As Health Reimbursement Plans (HRPs) grow in popularity as a way to contribute to employees’ individual health insurance policies, I often hear questions from small businesses about what they are and how they work under the Affordable Care Act. I also hear misconceptions. So, to help owners and managers understand how HRPs work, I’ve outlined 12 quick facts with links to learn more.
Understand these 12 facts and you’ll be well on your way to understanding the nuts and bolts of HRPs.
12 Facts on Health Reimbursement Plans (HRPs)
1. An HRP is a formal employer health plan (a group health plan). An employer sets up the benefit plan and provides a contribution to eligible employees’ healthcare expenses.
2. An HRP is not health insurance coverage. It is a reimbursement plan. With an HRP, employees purchase their own health insurance plan and are reimbursed for eligible expenses.
3. An HRP is 100% funded by the employer. Unlike HSAs or FSAs, employees may not contribute funds.
4. Employers may give the same contribution to all eligible employees, or offer different allowance amounts based on job function and/or family status.
5. Employees may use their HRP funds on personal health insurance expenses, and also basic preventive care. A lot of different types of health insurance qualify. See this list.
6. HRP funds are notional, meaning no funds are expensed until employees submit a reimbursement and verify their healthcare expense. As such, pre-funding of third party accounts is not required - a bonus for many small businesses.

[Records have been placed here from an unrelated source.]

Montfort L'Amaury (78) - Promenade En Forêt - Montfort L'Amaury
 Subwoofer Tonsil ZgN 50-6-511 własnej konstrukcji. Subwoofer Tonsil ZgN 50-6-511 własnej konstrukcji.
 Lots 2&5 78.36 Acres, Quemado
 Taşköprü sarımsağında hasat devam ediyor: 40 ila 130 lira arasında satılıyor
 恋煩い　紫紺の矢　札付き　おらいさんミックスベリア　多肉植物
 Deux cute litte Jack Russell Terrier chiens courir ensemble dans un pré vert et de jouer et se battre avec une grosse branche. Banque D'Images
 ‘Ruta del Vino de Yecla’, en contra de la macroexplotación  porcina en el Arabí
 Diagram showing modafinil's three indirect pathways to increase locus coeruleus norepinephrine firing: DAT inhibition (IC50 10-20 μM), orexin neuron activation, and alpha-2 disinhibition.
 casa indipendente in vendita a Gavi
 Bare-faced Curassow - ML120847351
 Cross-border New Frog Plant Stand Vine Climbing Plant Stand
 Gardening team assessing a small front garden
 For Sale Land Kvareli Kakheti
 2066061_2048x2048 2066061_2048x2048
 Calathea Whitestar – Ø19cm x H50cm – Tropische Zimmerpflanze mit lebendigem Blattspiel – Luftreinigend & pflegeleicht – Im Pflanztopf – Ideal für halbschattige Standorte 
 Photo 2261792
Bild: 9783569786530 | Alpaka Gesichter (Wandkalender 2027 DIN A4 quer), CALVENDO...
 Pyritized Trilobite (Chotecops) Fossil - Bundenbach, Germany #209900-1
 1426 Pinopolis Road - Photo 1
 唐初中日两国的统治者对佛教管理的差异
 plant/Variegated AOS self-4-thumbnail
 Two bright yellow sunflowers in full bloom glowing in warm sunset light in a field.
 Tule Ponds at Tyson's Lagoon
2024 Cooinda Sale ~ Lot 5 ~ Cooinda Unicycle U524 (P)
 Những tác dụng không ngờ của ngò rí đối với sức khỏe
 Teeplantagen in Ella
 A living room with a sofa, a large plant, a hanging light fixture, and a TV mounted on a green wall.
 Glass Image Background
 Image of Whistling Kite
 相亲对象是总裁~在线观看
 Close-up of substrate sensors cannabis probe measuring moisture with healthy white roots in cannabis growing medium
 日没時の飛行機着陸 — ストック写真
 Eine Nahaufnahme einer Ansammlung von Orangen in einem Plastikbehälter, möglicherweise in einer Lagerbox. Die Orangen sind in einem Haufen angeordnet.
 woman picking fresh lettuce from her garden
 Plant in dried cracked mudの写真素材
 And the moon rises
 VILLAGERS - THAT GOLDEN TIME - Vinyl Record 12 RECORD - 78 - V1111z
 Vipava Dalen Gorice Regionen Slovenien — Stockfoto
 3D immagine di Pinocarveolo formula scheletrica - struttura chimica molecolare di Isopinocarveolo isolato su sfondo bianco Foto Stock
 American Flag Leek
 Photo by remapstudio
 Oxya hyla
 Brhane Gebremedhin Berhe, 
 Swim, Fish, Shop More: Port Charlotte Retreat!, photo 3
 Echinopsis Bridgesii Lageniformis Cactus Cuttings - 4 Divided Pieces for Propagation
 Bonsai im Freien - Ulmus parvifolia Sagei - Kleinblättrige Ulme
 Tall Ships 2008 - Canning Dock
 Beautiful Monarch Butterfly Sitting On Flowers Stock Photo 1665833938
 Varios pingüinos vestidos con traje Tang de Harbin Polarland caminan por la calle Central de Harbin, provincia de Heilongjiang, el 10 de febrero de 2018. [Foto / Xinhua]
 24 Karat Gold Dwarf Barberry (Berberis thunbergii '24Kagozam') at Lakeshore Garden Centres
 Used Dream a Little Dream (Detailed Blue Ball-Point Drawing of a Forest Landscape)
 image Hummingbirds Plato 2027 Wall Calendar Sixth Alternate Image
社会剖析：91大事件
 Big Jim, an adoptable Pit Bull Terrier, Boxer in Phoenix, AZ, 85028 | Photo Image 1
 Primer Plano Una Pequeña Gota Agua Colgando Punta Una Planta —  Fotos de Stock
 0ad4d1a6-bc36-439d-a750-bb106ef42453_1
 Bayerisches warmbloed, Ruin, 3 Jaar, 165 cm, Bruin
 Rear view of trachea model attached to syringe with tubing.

7. HRPs are allowed under the Affordable Care Act, as long as they follow new and existing regulations. Because an HRP is a group health plan, there are federal rules the plan needs to follow. Compliance with these rules is easy with the right administration software. See this list of HRP compliance rules.
8. Setting up an HRP is fairly straight-forward, although there are important steps such as having plan documents and designing a compliant plan. There are online software services to help streamline plan set up and ensure compliance.
9. An HRP is a tax-free, and tax-deductible benefit. Although, tax benefits are limited for some business owners.
10. An HRP is different than a Health Reimbursement Arrangement (HRA). An HRP is specifically designed to comply with new health reform regulations. As such, it is more limited than the more well-known “stand-alone HRA.” For most employers, a stand-alone HRA is no longer a compliant way to reimburse individual health insurance premiums.
11. HRPs are allowed under Section 105 of the IRS tax code. Because of this, they are also commonly called Section 105 medical reimbursement plans or simply Section 105 Plans.
12. These days, an HRP is the primary vehicle employers are using for individual health insurance reimbursement. Read more about reimbursement plans available to small businesses.
When you look at a few basic facts, understanding an HRP is simple. To summarize, an HRP is a formal plan employers may use to provide employees tax-free reimbursement of individual health insurance premiums. HRPs are a powerful tool for small businesses who want to allow employees to have the benefits of modern individual health insurance and continue to (or start to) provide a contribution to their healthcare.